"Sebenarnya, apa sih yang dilakukan di komunitas ini, Mbak?"
"Begini, Mbak. Kami punya concern yang sama untuk pengembangan anak-anak difabel. Awalnya ada kawan kami yang bernama Miko yang memiliki visi untuk memberdayakan anak-anak yang mengalami gangguan tumbuh kembang, tetapi mereka tidak memiliki sumber daya yang memadai, baik, secara pengetahuan dan finansial. Bahkan mereka sebagai orangtua tidak memiliki harapan untuk anak-anak mereka. Mbak, kami sangat membutuhkan  SDM-SDM yang mumpuni untuk membantu pekerjaan besar ini. Beberapa dokter spesialis kami hubungi untuk mengupayakan keberlanjutan karya karitatif ini. Juga psikiater, psikolog, dan terapis. Kami juga berupaya menghimpun donasi untuk mencukupi karya karitatif bersama ini."
Mentari menyimak semua penjelasan Lydia. Sesekali terlihat mereka berdua menyeruput teh hangat yang sudah mulai dingin.
"Kita lanjut sambil jalan yuk, Mbak."
"Okay, Mbak.
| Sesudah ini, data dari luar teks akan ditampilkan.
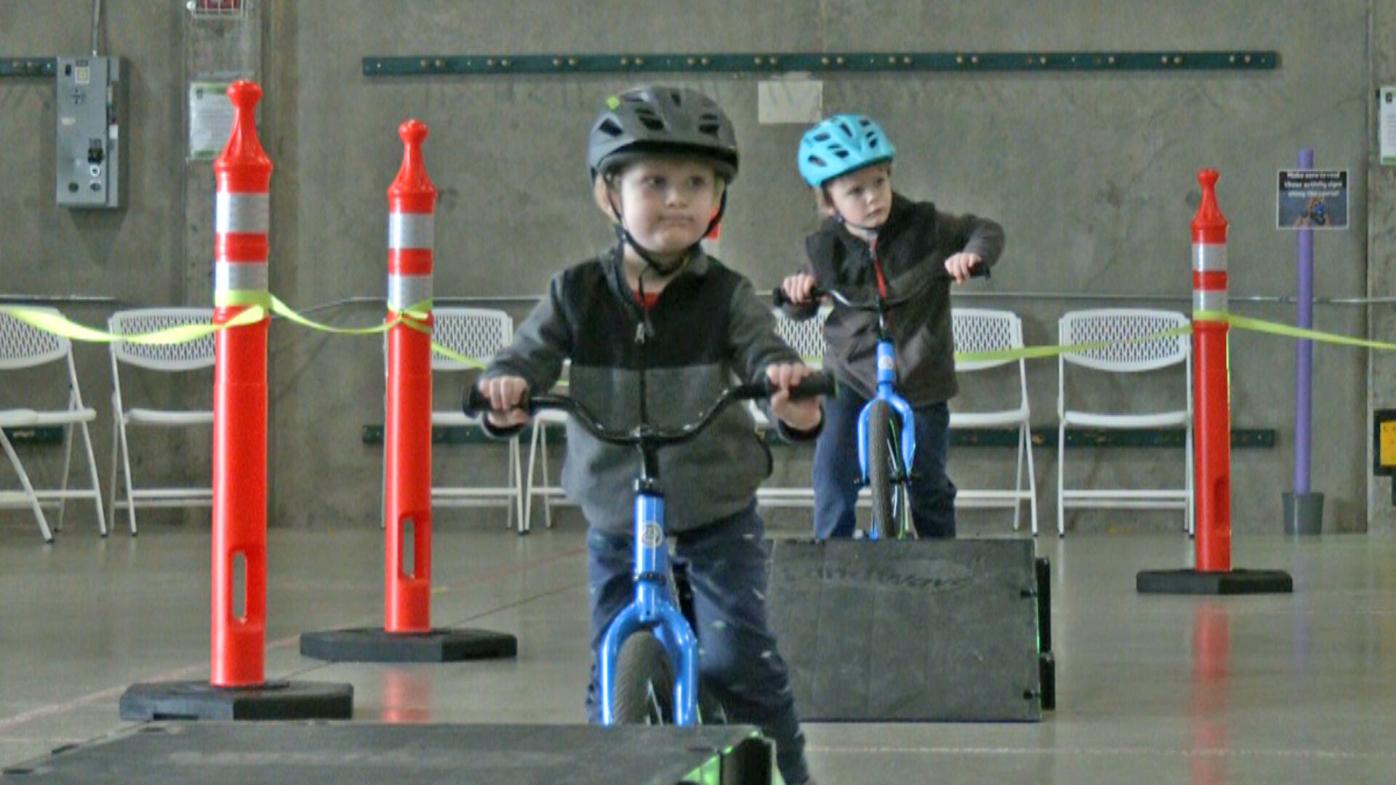 Anchorage Fire Department offers free bike helmets for kids this spring |  Local & State News | youralaskalink.com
Saya pamit Ibu dulu."
Mentari masuk ke dalam untuk mencari Ibu Rahutami. Ibu keluar dengan celana training warna hijau tosca dan polo shirt dengan warna senada. Kamis pagi ada senam tera yang akan Ibu ikuti dengan komunitas lansia di lingkungan gerejanya.
"Hati-hati ya, Nak."
Ibu mencium Mentari dan memeluknya. Lydia menyalami Ibu.
Lydia dan Mentari berjalan beriringan. Mentari meletakkan carrier nya di bagasi mobil. Ransel kecil dibawanya di depan. Mobil hitam itu pun melaju pelahan meninggalkan rumah Ibu. Ibu melambaikan tangan.
Pembicaraan mereka berlanjut hingga tiba di Bantir. Sebuah pelataran luas yang 'ditumbuhi' begitu banyak tenda doom dengan warna senada. Hijau lumut. Ada sebuah tenda besar berbentuk persegi berwarna putih, nampaknya tenda itu digunakan untuk ruang pertemuan acara ini.
"Halo, Kak." Seorang pemuda kisaran 35 hingga 40 tahunan menyalami Mentari. Lydia kemudian memperkenalkannya.